I get the print edition of Forbes still and have been considering dropping it in favor of the Kindle edition to save paper and because I don't care whether I get the supplemental magazines (Forbes Life, etc.) that mainly show me how the other half (other 1%?) lives, but the previous reviewer complaint about tables/graphs on Kindle is on target:
For example, the recent issue with tables of Mutual Funds and ETFs showed only one of the tables (it is readable if you look really close). The half dozen other tables in the print edition were missing, with only a text line place holder.
This is not good, folks. Graphics are a problem on Kindles, but there is no excuse for including some tables or graphs that display OK and leaving out similar ones.
So far, I've found only the NYTimes does graphic newspaper content well, and the other magazines I've tried on Kindle are like text blogs, they don't do graphics at all.

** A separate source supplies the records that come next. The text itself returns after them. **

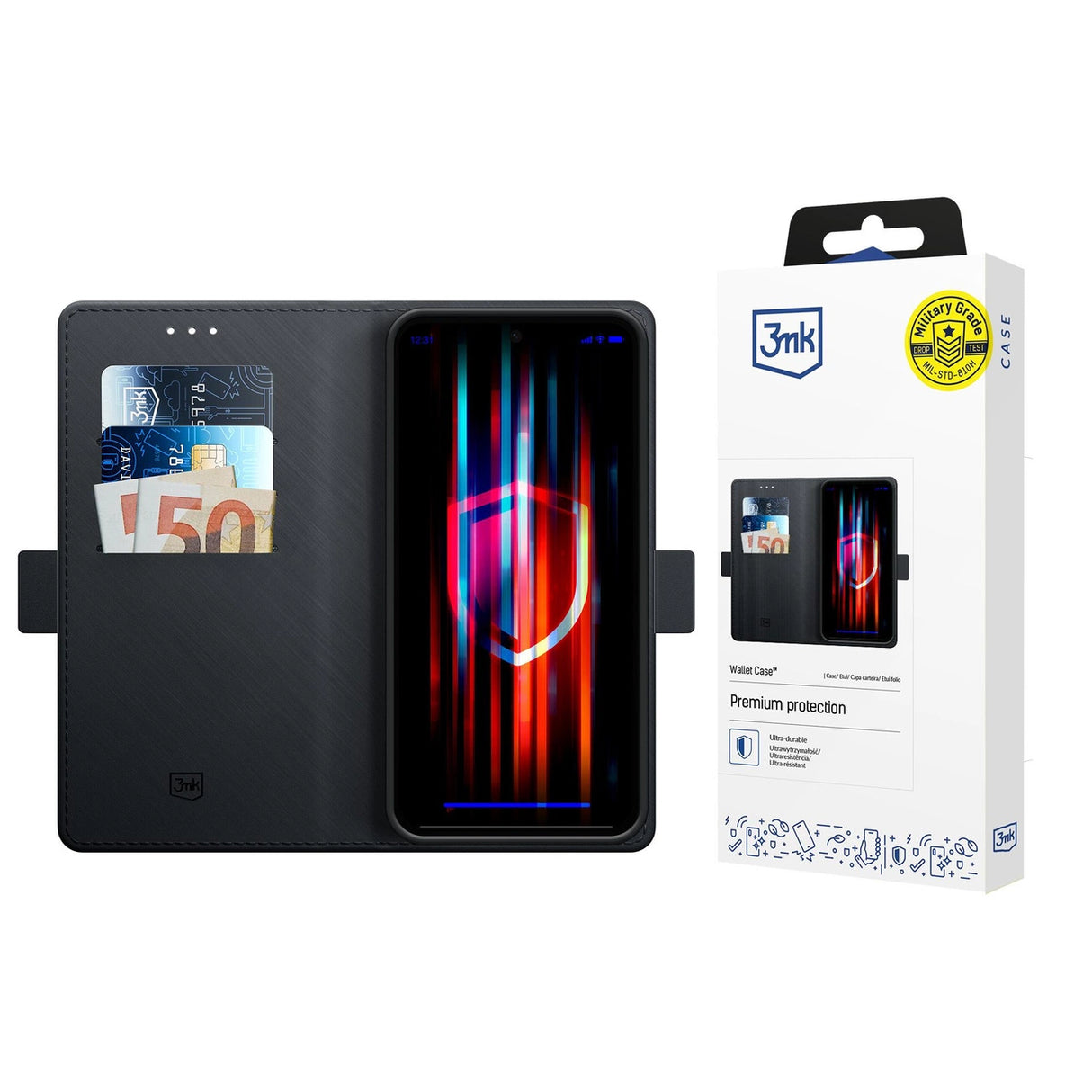 3mk Wallet Case til Xiaomi 14T Pro - sort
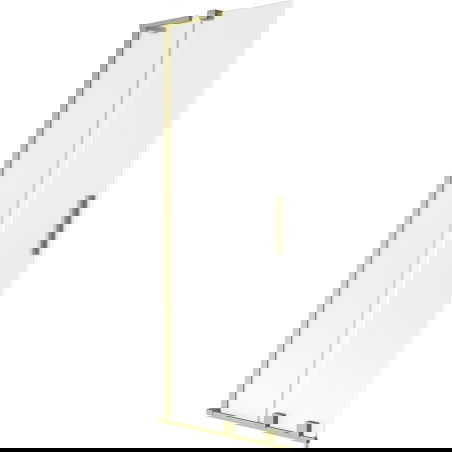 Mexen Velar L kádparaván 2-szárnyas toló 70 x 150 cm, fagyott, arany kefe - 896-070-003-31-55
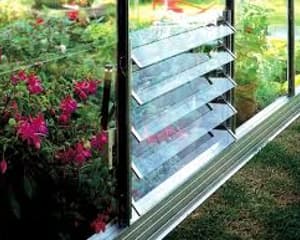 Halls 18inch Silver 5 Blade Louvre Vent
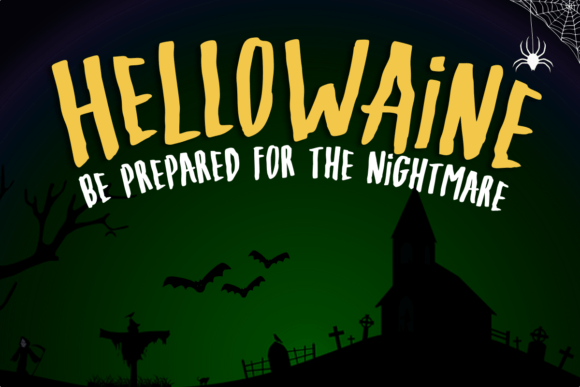 Hellowaine Font: Spooky Display Typography for Web Design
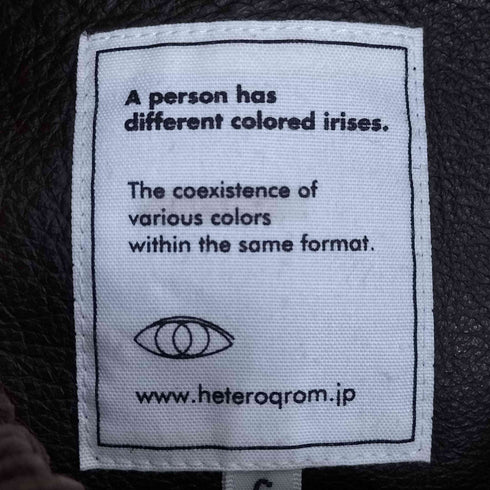 HETEROQROM 襟コーデュロイ アームカウレザー シャギー フーデッドブルゾン メンズ JPN:S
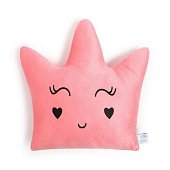 Подушка Этель "Корона" розовая 48х38см, велюр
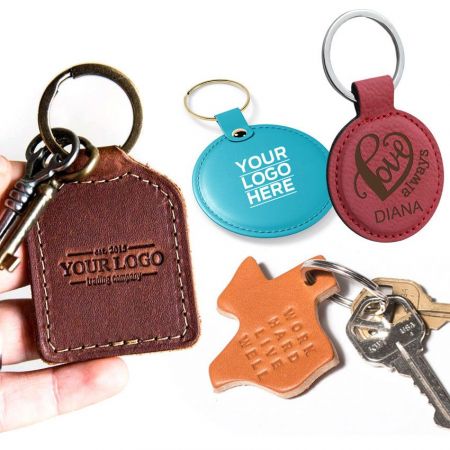 Custom Leather Keychains - Custom Leather Keychains, Personalized Leather Keyrings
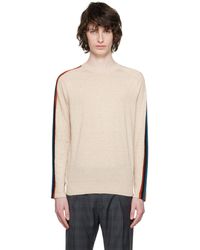 Paul Smith - Beige Artist Stripe Sweater - Lyst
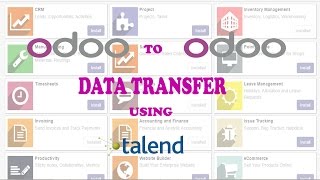 ODOO to ODOO Database Transfer with Talend Bahasa Indonesia [upl. by Nivets]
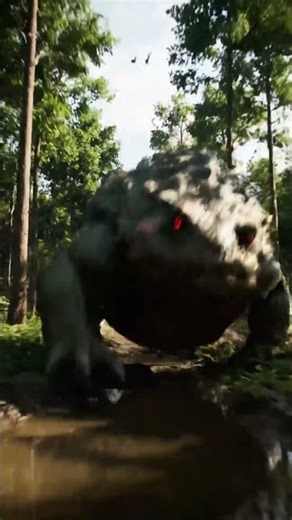 Mutant Giant Toad Awakens: A Nightmare Charging Through the Deep Forest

There really is no excuse for this (Forbes, particularly with their pretention to be technologically with it, even with an article in that same issue on E-Ink and Kindle!). There is another Kindle format that some technical books are using ("TOPAZ", files have an AZW1 file extention).
Some Kindle books I've read in this format have a feature where when you click on a graphic, a "Zoom" option is added to the Kindle "Upper" ("highlight", "lookup", etc.) menu. Select "Zoom" and a half page hard-to-read chart is enlarged to full page and readable.
If we're going to pay good money for Kindle versions, the publishers should provide as close to print format and content as they can manage with the current state of Kindle technology. So far Forbes and most others aren't making the grade.